The placement of sex at the center of the black female narrative not only hyper sexualizes the black female body, but implies that sex is an identifying feature of black female identity. She Gotta Have It protagonist, Nola— a talented artist, treats her body as a paintbrush, using her sexuality as a means to own her canvass. Her attempt to objectify her male lovers, as illustrated in the “Three headed prince” portrait that phallically places her three lovers besides one another, offsets a prominent lesson. The lesson is that a black male or female cannot objectify one another without objectifying themselves. Namely, the part reflects the whole– inevitably and indefinitely.

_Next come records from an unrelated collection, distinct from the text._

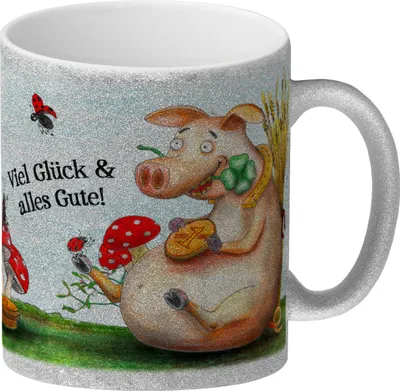 Produktbild von Viel Glück und alles Gute! Glitzer-Glitzer-Kaffeebecher mit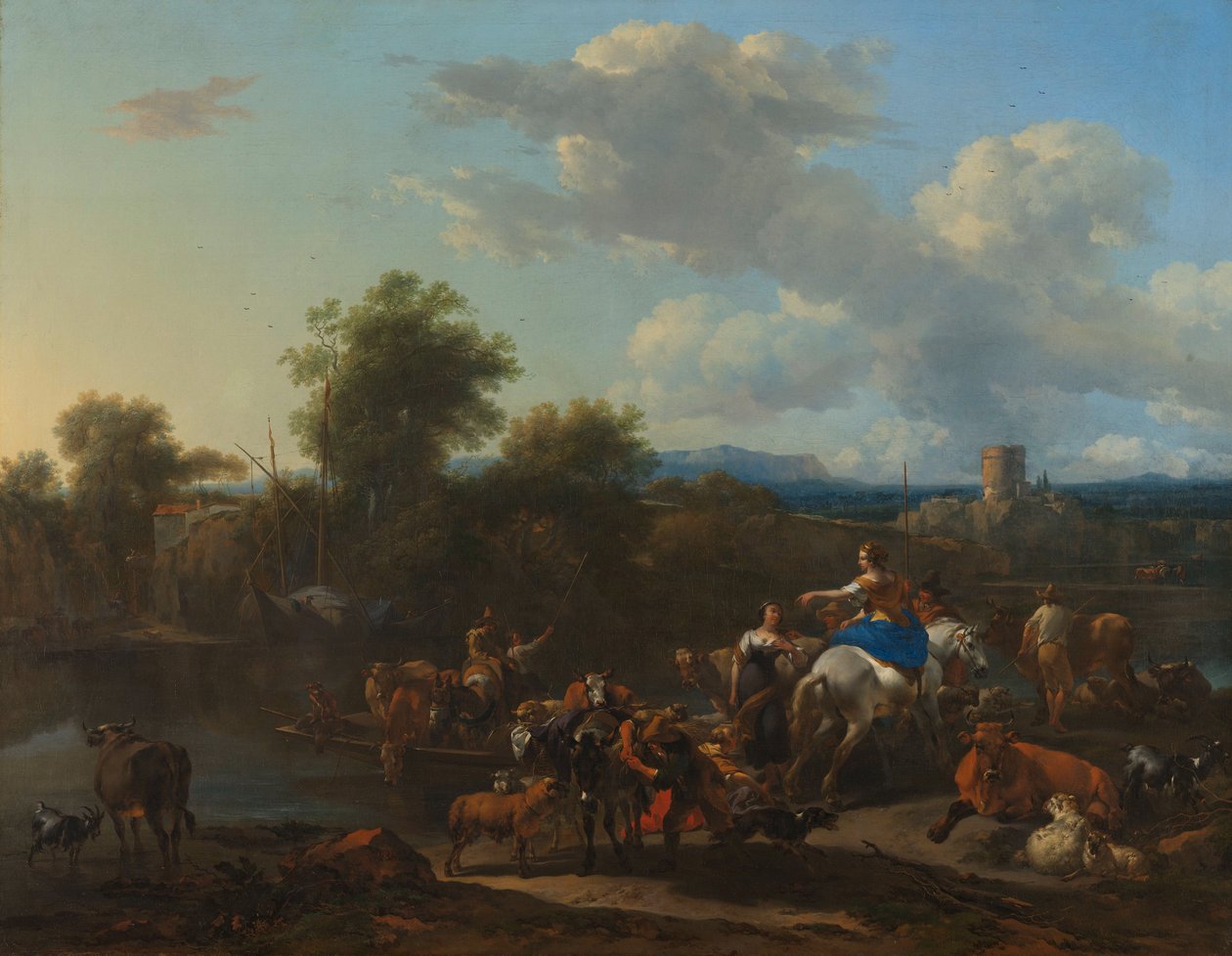 El ferry de ganado de Nicolaes Pietersz. Berchem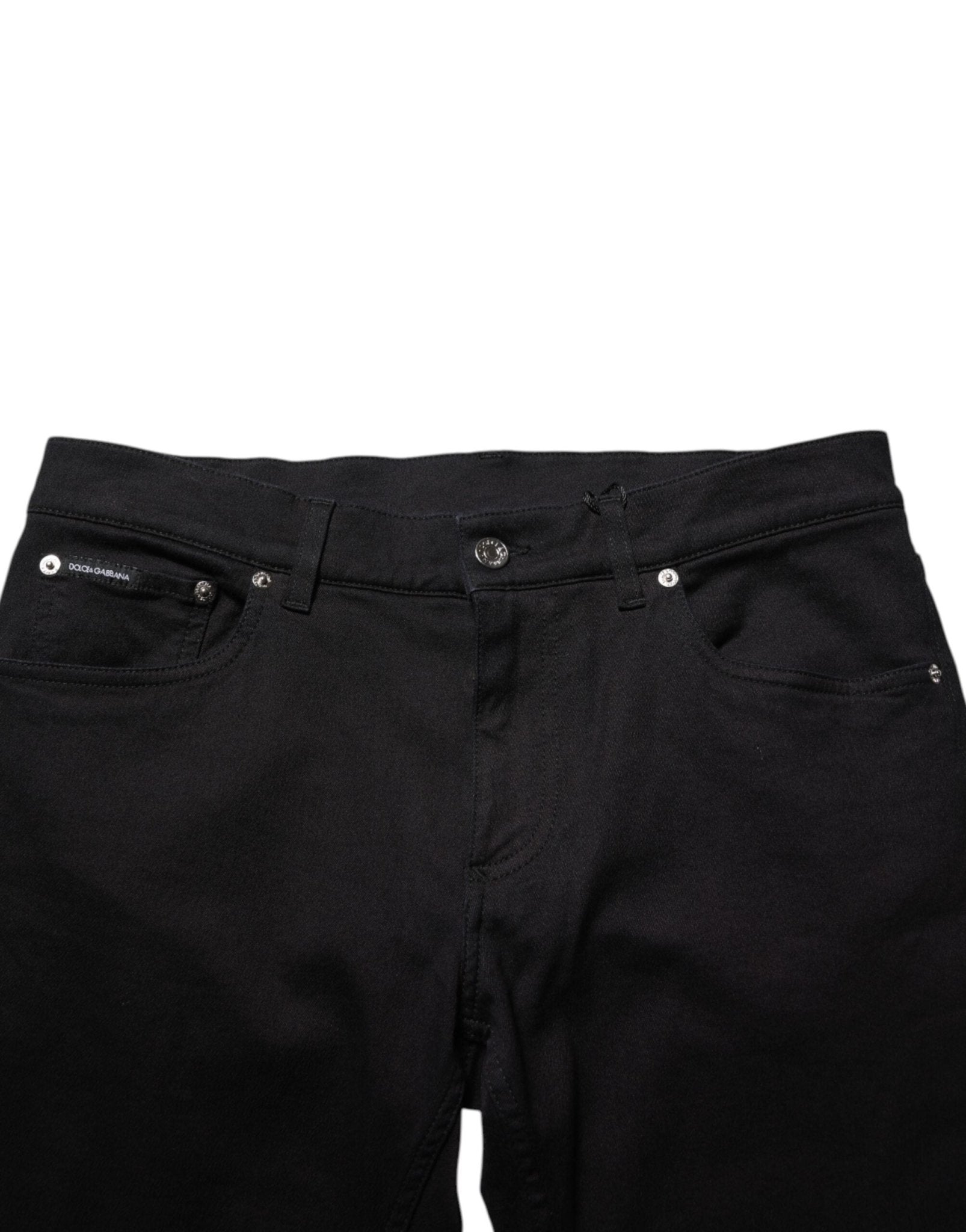 Dolce & Gabbana Black Cotton Blend Skinny Men Trouser Pants – IT46 | S par Dolce & Gabbana | Disponible sur Sandy Store ByNet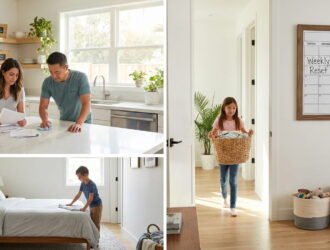 Family working together during a weekly home reset routine.
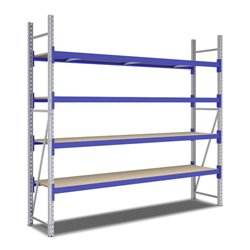 Bito Weitspannregal Set / F2 Grundfeld 4 Ebenen H2500xT600xB2700 mm, Spanplatte enzianblau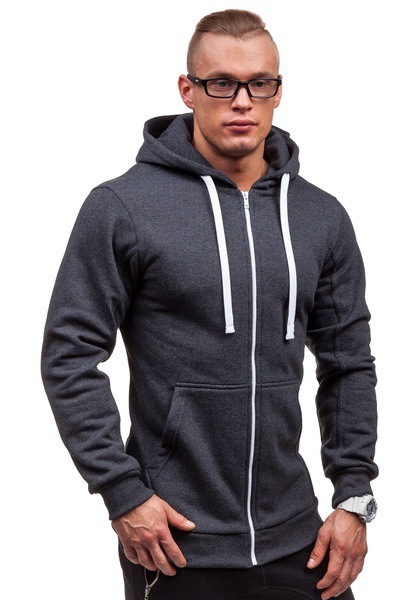 Zipper coat, youth loose hooded hoodie, new casual men's solid color hoodie_vogarts.com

As an artist, or someone of suggested depth, it is a preoccupation with black female sexuality that makes black bodily objectification the core component of a series that shallowly depicts the black female as one-dimensional.

She’s Gotta Have It

Nola buying a $500+ dress from an overtly racist establishment

The episode entitled #LBD, features series protagonist Nola Darling seeking an external means to yield an internal makeover. The premise is a troubling as it sounds, yet eerily accurate to the materialism, or retail therapy so many within the oppressed faction seek to ease systemic wounds that feel self-inflicted. The depiction of Nola’s route to the obtain material to mend internal wounds is also troublingly accurate.

Nola sets out to buy a dress to showcase her external beauty and internal confidence, at a small boutique. In the boutique, Nola and her friend Clo encounter an overtly racist white woman who hovers over her two black clients from their entry, to trying on the clothes, to check out. The white female sales clerk does not even attempt to veil her  prejudice, a prejudice which fails to deter Nola from spending over five hundred dollars with a small business who thinks more of a stray dog than of her as a black woman.

Scenarios like these continue to frequent the black narrative, where the black female body seeks to overcome subjugation by succumbing to it. So whether the black celebrity combats an under-estimated self-worth by buying the most expensive item in the store, or the black resident in a black neighborhood who patronizes non-blacks business despite experiencing condescending or antagonistic behavior, these actions illustrate an internalized inferiority often reduced to “choosing your battles.”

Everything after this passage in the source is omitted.